The tramadol controversy caused Dallas to this year abandon Iditarod and take off for Norway to run the 750-mile Finnmarksløpet. Dallas has yet to make clear his Iditarod intentions for 2019.

For a race already struggling financially – Jack Daniels just joined the list of sponsors abandoning Iditarod – having one or both Seaveys sit out could have hurt. The 31-year-old Dallas is the hope of the future for a race with an aging fan base.

And Mitch is the dream of the AARP crowd. Since turning 53 in 2013, the elder Seavey has been on a tear. The 2013 victory made him the oldest ever to win the race, and he hasn’t finished worse than third since.

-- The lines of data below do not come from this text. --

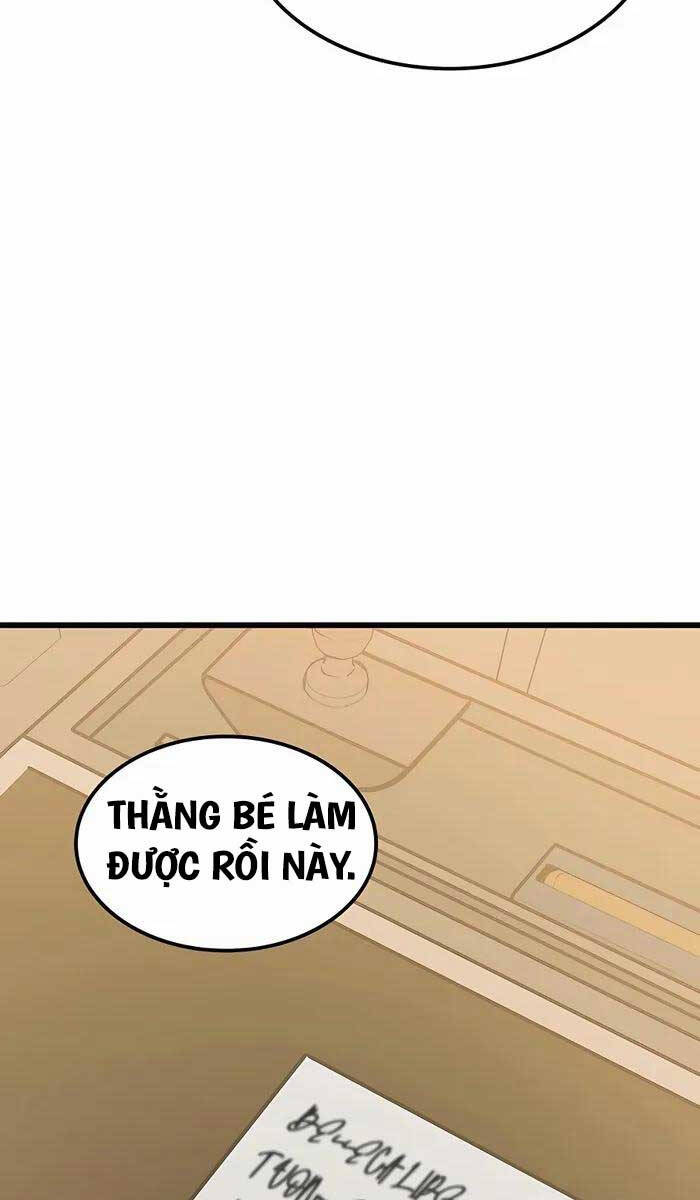 Con trai út của bá tước là một người chơi chapter 2 - Upload bởi truyensieuhay.com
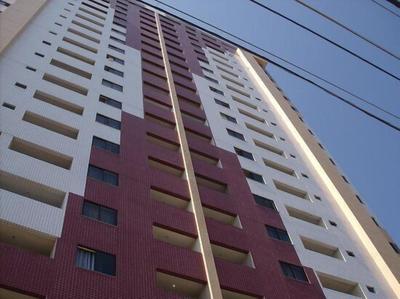 Moriah Apartments FO007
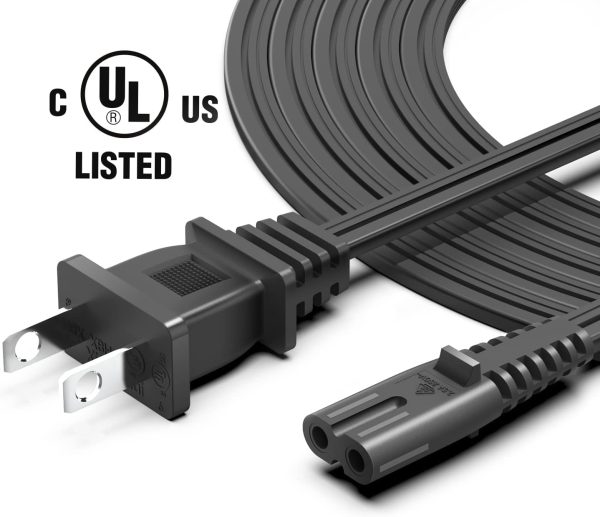 KFD AC Adapter Charger for Harman Kardon Onyx Studio 8 7 6 5 4 3 2 1 - Image 4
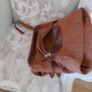 Bag Image 7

Along the way, he won again in 2017 to push the oldest-to-win bar to 57,  and twice finished runner-up to Dallas.

Contemporaries Jeff King from Denali Park and Martin Buser from Big Lake might have won more Iditarods at four each, but it could be argued that Mitch has now eclipsed them both despite being one victory short.

Only one other musher in Iditarod history has put together a string of top-three finishes to match or better Mitch’s six-in-a-row, and that was the legendary and late Susan Butcher from Manley.  She notched seven before dropping to fourth, then 10th and retiring.

Butcher was then 39 years old. The same for Lance Mackey from Fairbanks when his remarkable string of four victories in a row ended in 2010. Since then, it has been all downhill – 16, 22, 19 and 43.

That Mitch has been so competitive through such a long period, especially at his age is, unprecedented.

Most of the top mushers hit their prime in their 40s and then faded. King last won in 2006 at age 45; he was 24th this year. Buser last won in 2002 at age 43; he was 28th this year. Four-time champ Doug Swingley from Montana notched his last victory at age 47 and is now long retired.

In general, the Iditarod has not been kind to old men, but Mitch has defied father time.

Though he turns 59 on Monday, no one is discounting the idea that he could win yet again if he enters the 2019 race. And one more victory would put him in the exclusive club of four-time winners with Dallas, Buser, King, Butcher and Swingley.

Rick Swenson from Two Rivers remains the only musher to have won five. He retired without any fanfare in 2012, but continued to serve on the Iditarod board of directors. He is now gone from the board.

CORRECTION: An early version of this story inadvertently omitted Lance Mackey.